Within the ICU, the retirement unit keeps track of the ongoing processing and makes sure that it obeys the sequential semantics of the machine-level program.
- Once the operations for the instruction have completed and any branch points leading to this instruction are confirmed as having been correctly predicted, the instruction can be retired, with any updates to the program registers being made.
- If some branch point leading to this instruction was mispredicted, on the other hand, the instruction will be flushed, discarding any results that may have been computed. By this means, mispredictions will not alter the program state.
Also, a technique call register renaming
is used to implement function like data-forwarding
5.7.2 Functional Unit Performance
Hardware limit the ultimate performance of programs
5.7.3 An Abstract Model of Processor Operation
we will use a data-flow representation of programs, a graphical notation showing how the data dependencies between the different operations constrain the order in which they are executed
These constraints then lead to critical paths in the graph, putting a lower bound on the number of clock cycles required to execute a set of machine instructions.
From Machine-Level Code to Data-Flow Graphs
The registers at top store values before execution, those at the bottom store values after execution
The left chain needs 5n clocks while the right chain needs only n clocks
So when executing the function, the floating-point multiplier becomes the limiting resource.
The other operations required during the loop—manipulating and testing pointer value data+i and reading data from memory—proceed in parallel with the multiplication. As each successive value of acc is computed, it is fed back around to compute the next value, but this will not occur until 5 cycles later
Other Performance Factors
Other factors can also limit performance, including the total number of functional units available and the number of data values that can be passed among the functional units on any given step.

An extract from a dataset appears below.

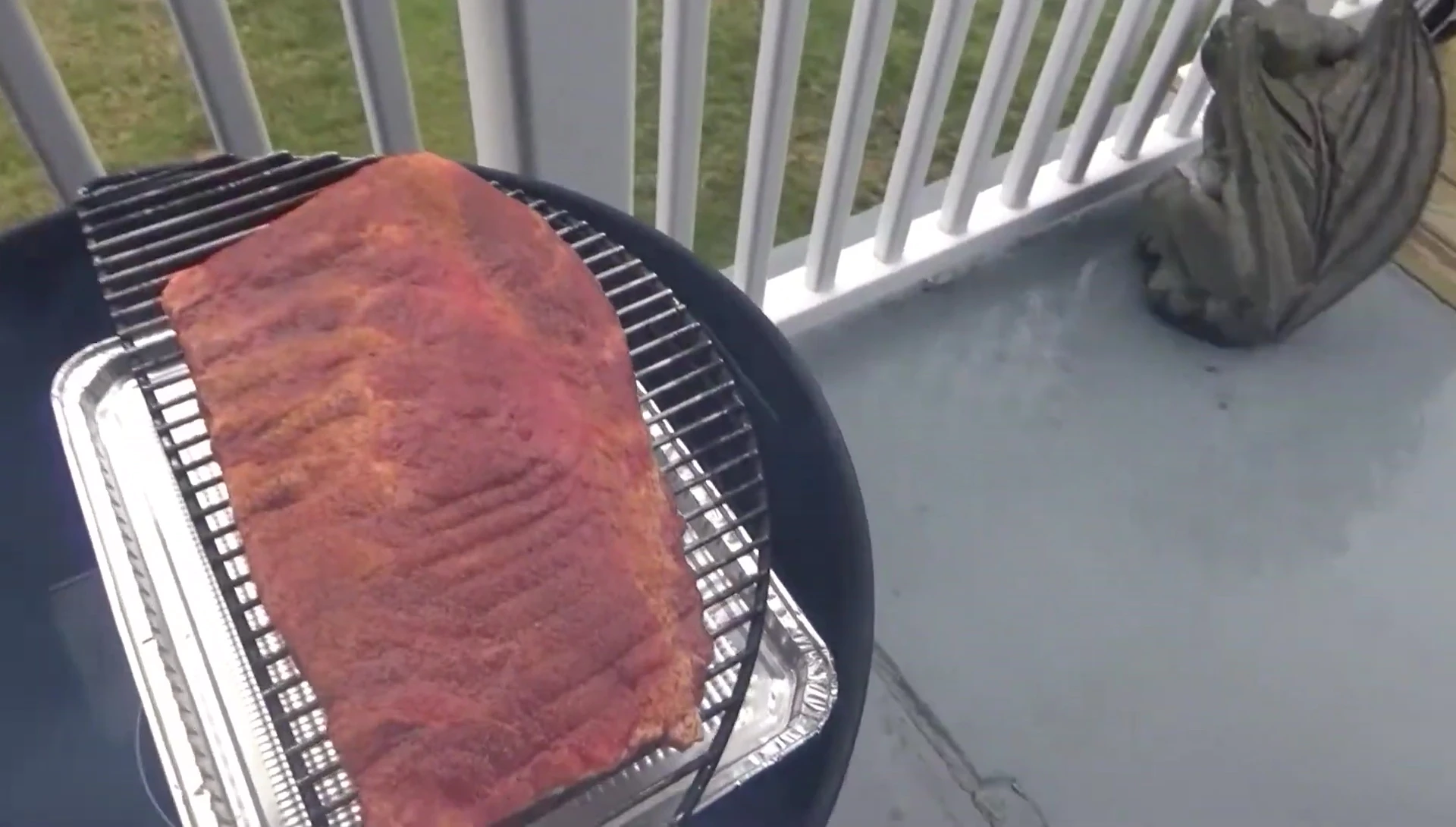 Closing the lid of the pellet grill.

Our next task will be to restructure the operations to enhance instruction-level parallelism. We want to transform the program in such a way that our only limitation becomes the throughput bound, yielding CPEs below or close to 1.00.
Practice Problem 5.5
Suppose we wish to write a function to evaluate a polynomial, where a polynomial of degree n is defined to have a set of coefficients $a_0, a_1, a_2,…,a_n$. For a value x, we evaluate the polynomial by computing
$$
a_0 + a_1x + a_2x_2 + … + a_nx_n
$$
This evaluation can be implemented by the following function, having as arguments an array of coefficients a, a value x, and the polynomial degree degree (the value n in Equation 5.2). In this function, we compute both the successive terms of the equation and the successive powers of x within a single loop:
1
2
3
4
5
6
7
8
9
10
11 double poly(double a[], double x, long degree)
{
long i;
double result = a[0];
double xpwr = x; /* Equals x^i at start of loop */
for (i = 1; i <= degree; i++) {
result += a[i] * xpwr;
xpwr = x * xpwr;
}
return result;
}A. For degree n, how many additions and how many multiplications does this code perform?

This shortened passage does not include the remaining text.